Data:
----

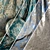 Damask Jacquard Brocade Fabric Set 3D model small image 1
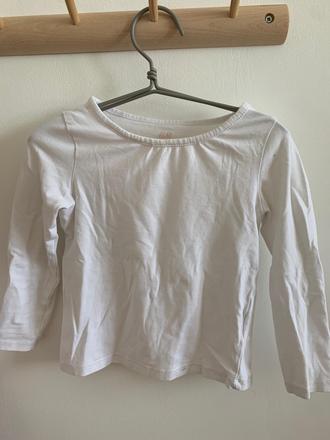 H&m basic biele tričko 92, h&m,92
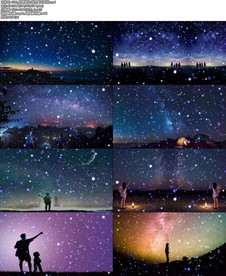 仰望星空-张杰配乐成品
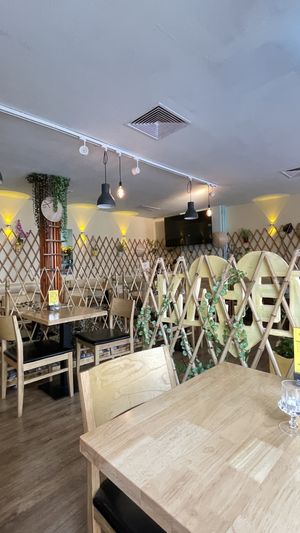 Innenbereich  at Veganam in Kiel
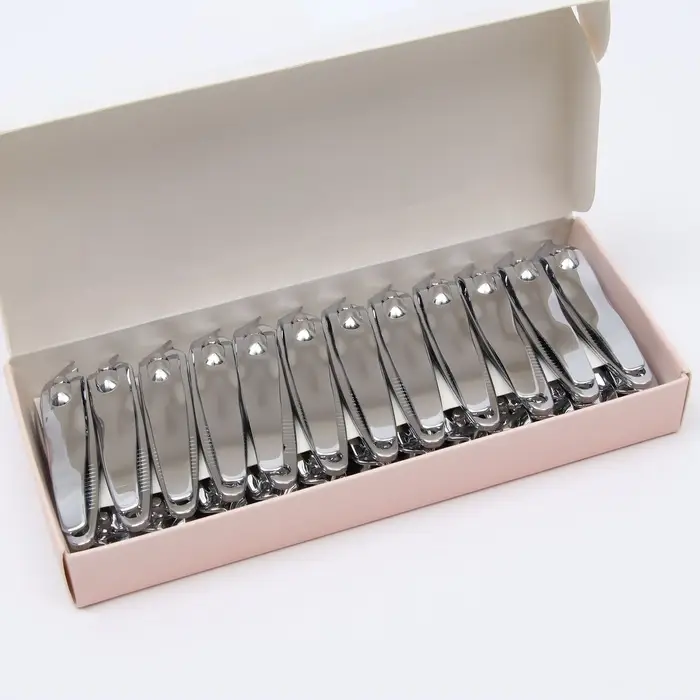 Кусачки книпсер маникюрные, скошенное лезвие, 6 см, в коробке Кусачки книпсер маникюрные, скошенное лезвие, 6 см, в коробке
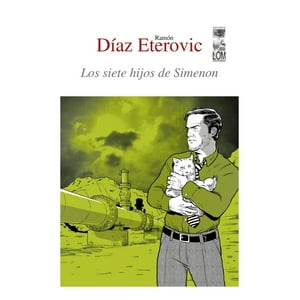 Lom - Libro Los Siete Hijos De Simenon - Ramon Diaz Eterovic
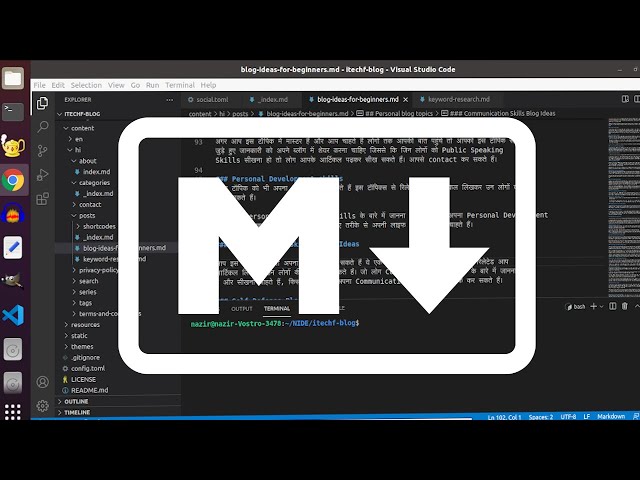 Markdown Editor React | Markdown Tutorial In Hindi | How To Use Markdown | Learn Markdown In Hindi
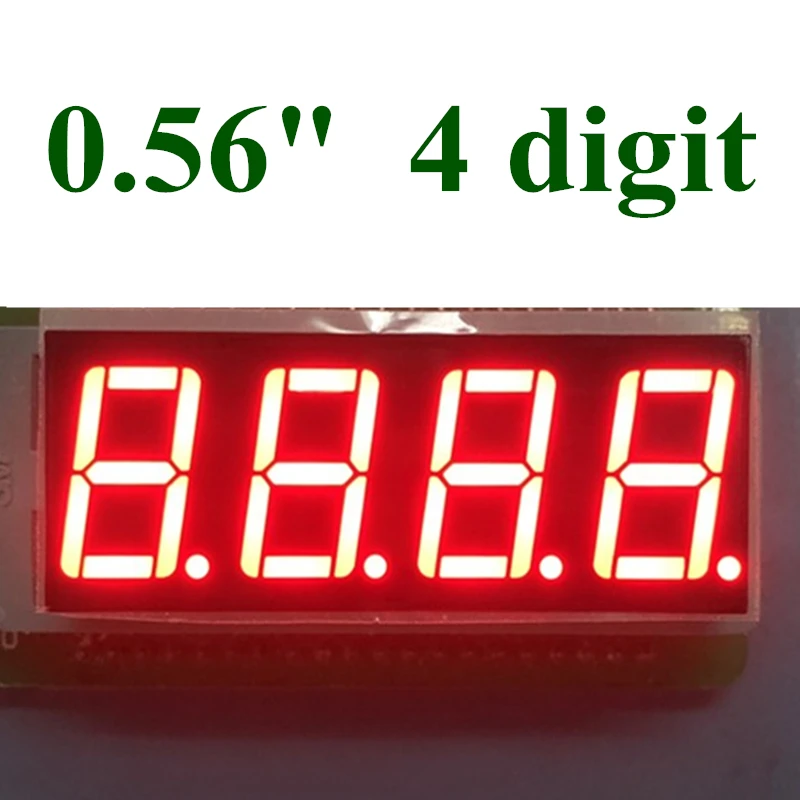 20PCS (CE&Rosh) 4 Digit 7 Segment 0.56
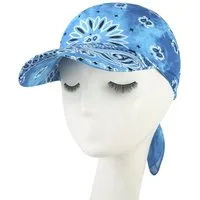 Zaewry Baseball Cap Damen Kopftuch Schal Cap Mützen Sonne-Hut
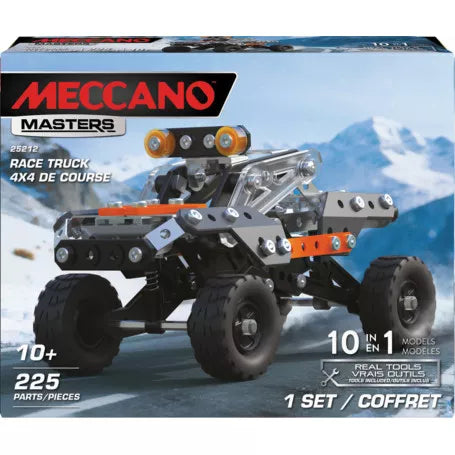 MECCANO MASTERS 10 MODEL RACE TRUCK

----

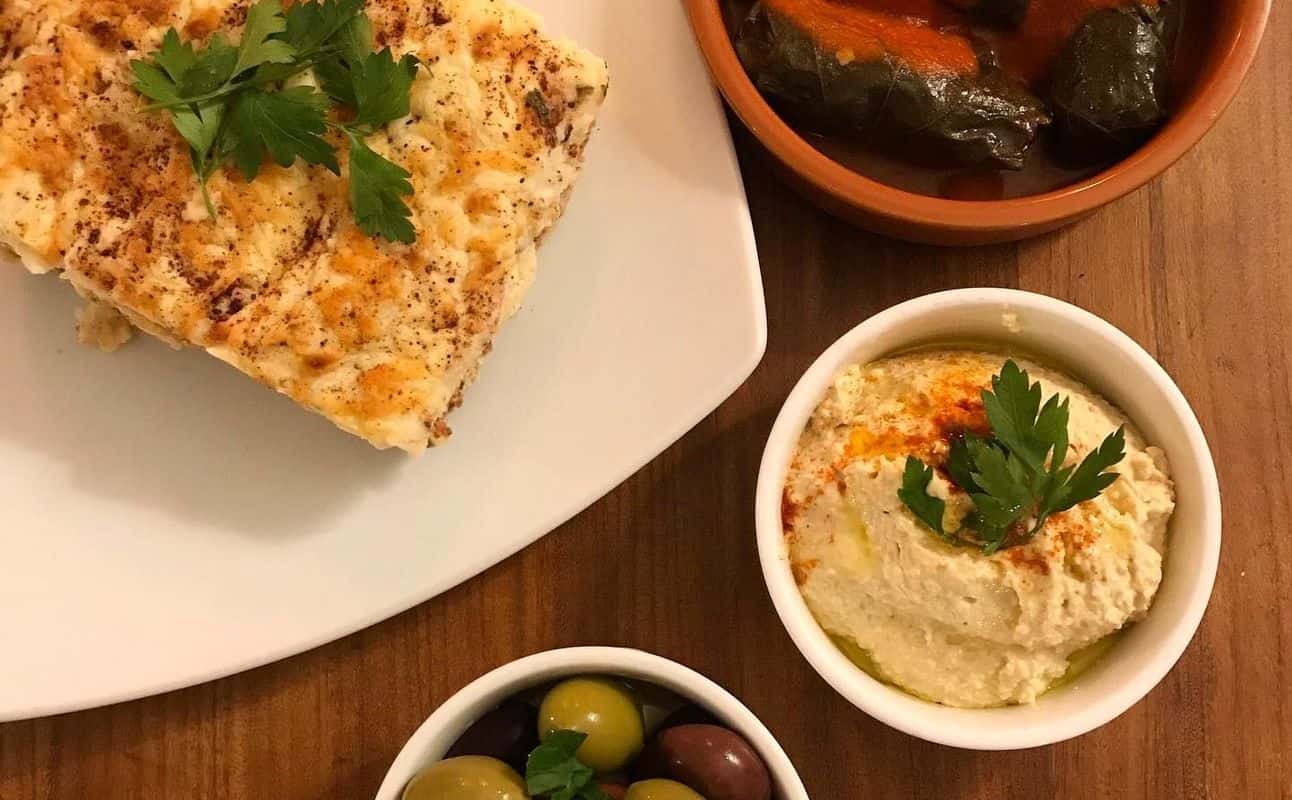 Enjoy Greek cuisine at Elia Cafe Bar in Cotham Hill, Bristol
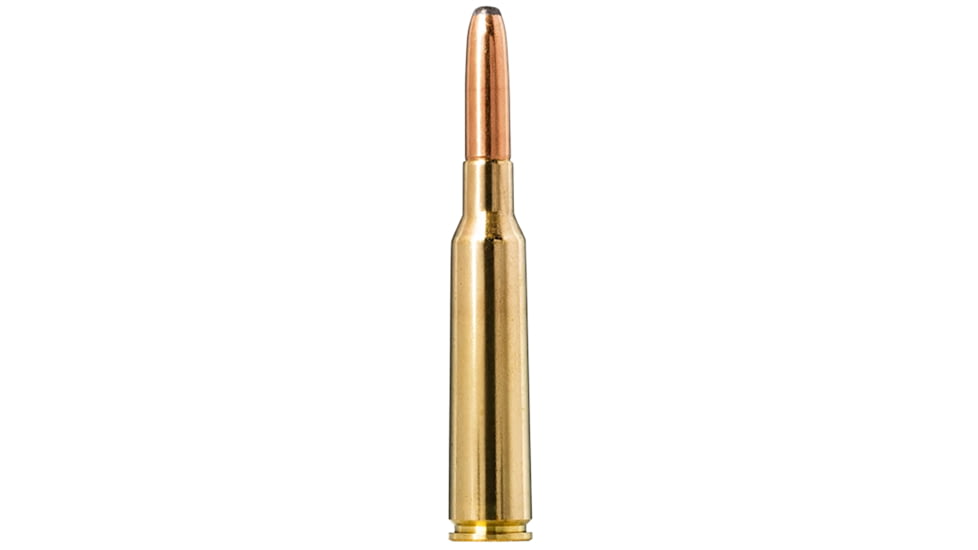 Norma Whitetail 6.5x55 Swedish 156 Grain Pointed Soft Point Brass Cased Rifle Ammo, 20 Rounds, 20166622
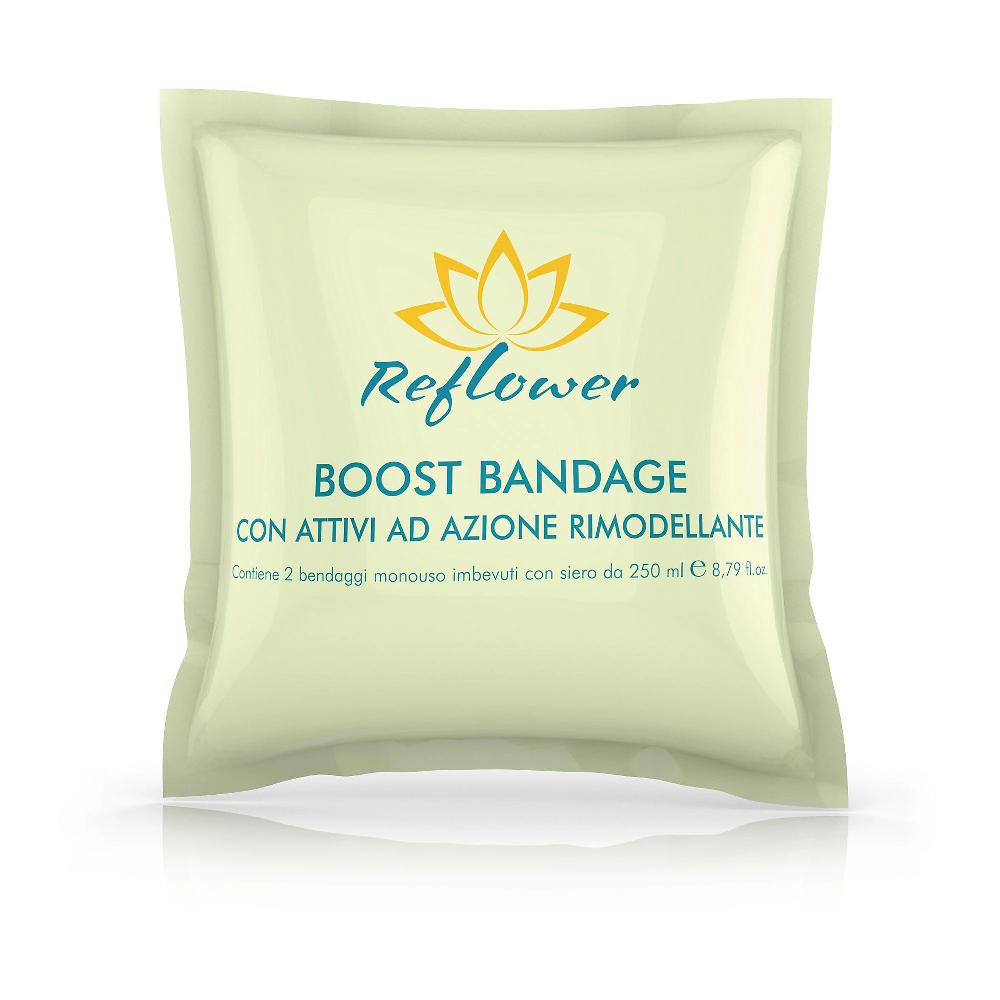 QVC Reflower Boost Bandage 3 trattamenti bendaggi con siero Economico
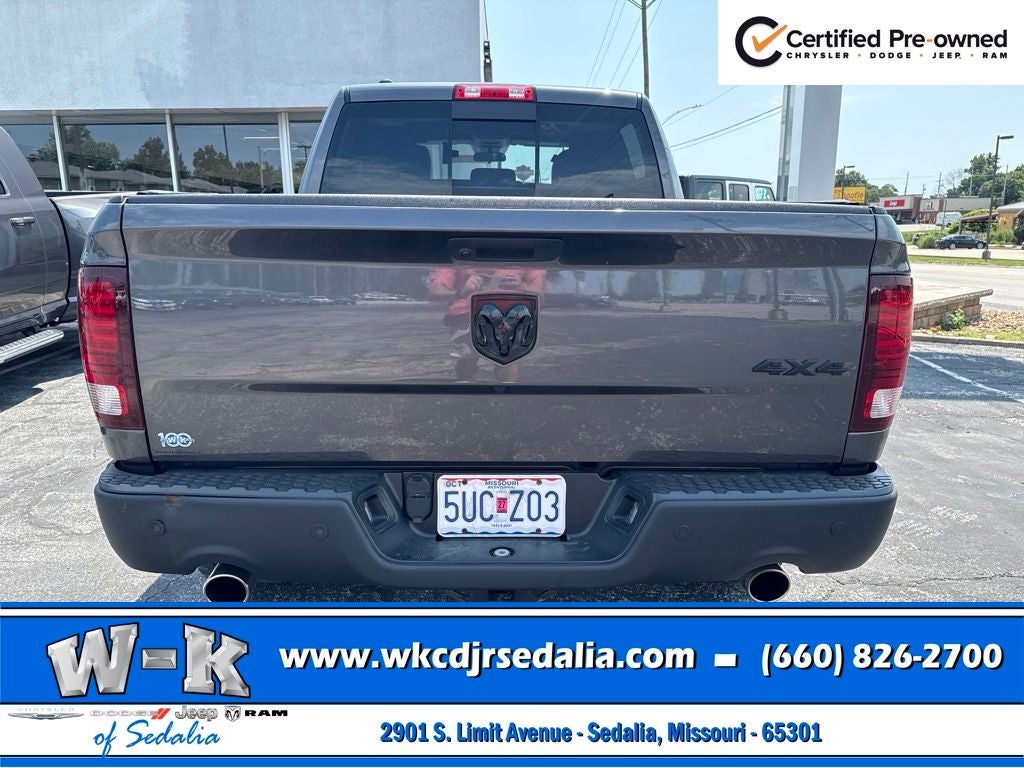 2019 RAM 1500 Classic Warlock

----

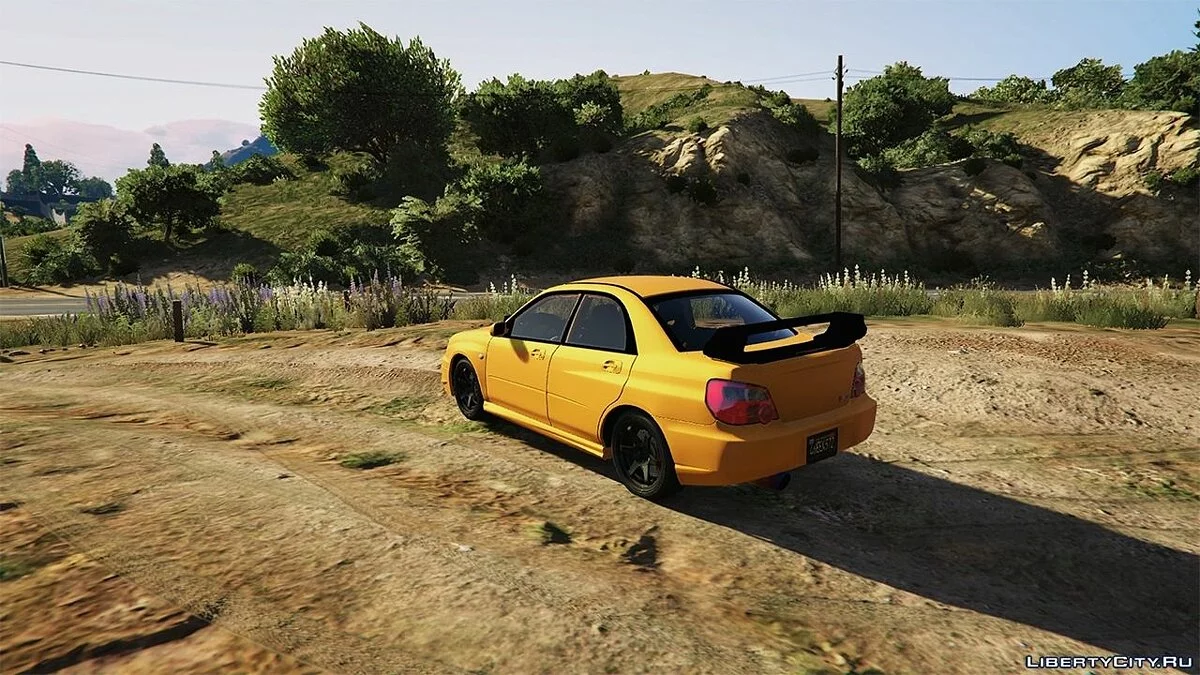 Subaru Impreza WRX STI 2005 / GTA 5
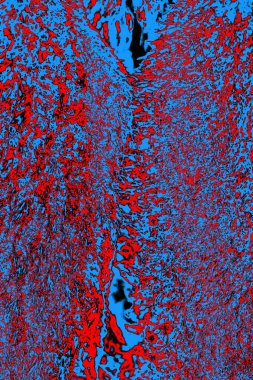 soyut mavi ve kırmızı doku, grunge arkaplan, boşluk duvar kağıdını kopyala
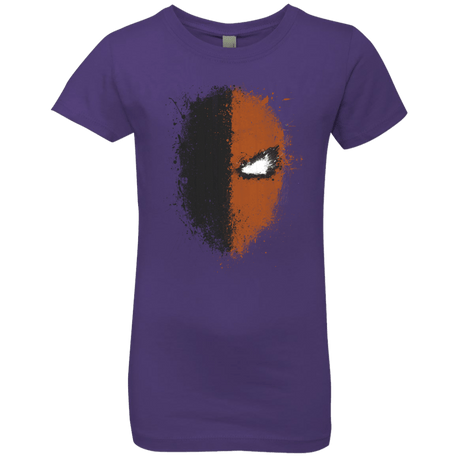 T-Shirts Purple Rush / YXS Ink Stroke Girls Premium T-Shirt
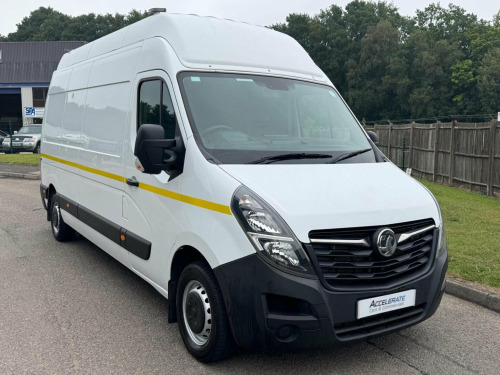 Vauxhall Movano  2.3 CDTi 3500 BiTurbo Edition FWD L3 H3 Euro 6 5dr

----

Print, exactly and with no pictures, the lines of the listing above starting at the one that has "H&m basic biele tričko 92, h&m,92" and ending at the one that has "MECCANO MASTERS 10 MODEL RACE TRUCK", both included.

Written solution:
 H&m basic biele tričko 92, h&m,92
 仰望星空-张杰配乐成品
 Innenbereich  at Veganam in Kiel
 Кусачки книпсер маникюрные, скошенное лезвие, 6 см, в коробке Кусачки книпсер маникюрные, скошенное лезвие, 6 см, в коробке
 Lom - Libro Los Siete Hijos De Simenon - Ramon Diaz Eterovic
 Markdown Editor React | Markdown Tutorial In Hindi | How To Use Markdown | Learn Markdown In Hindi
 20PCS (CE&Rosh) 4 Digit 7 Segment 0.56
 Zaewry Baseball Cap Damen Kopftuch Schal Cap Mützen Sonne-Hut
 MECCANO MASTERS 10 MODEL RACE TRUCK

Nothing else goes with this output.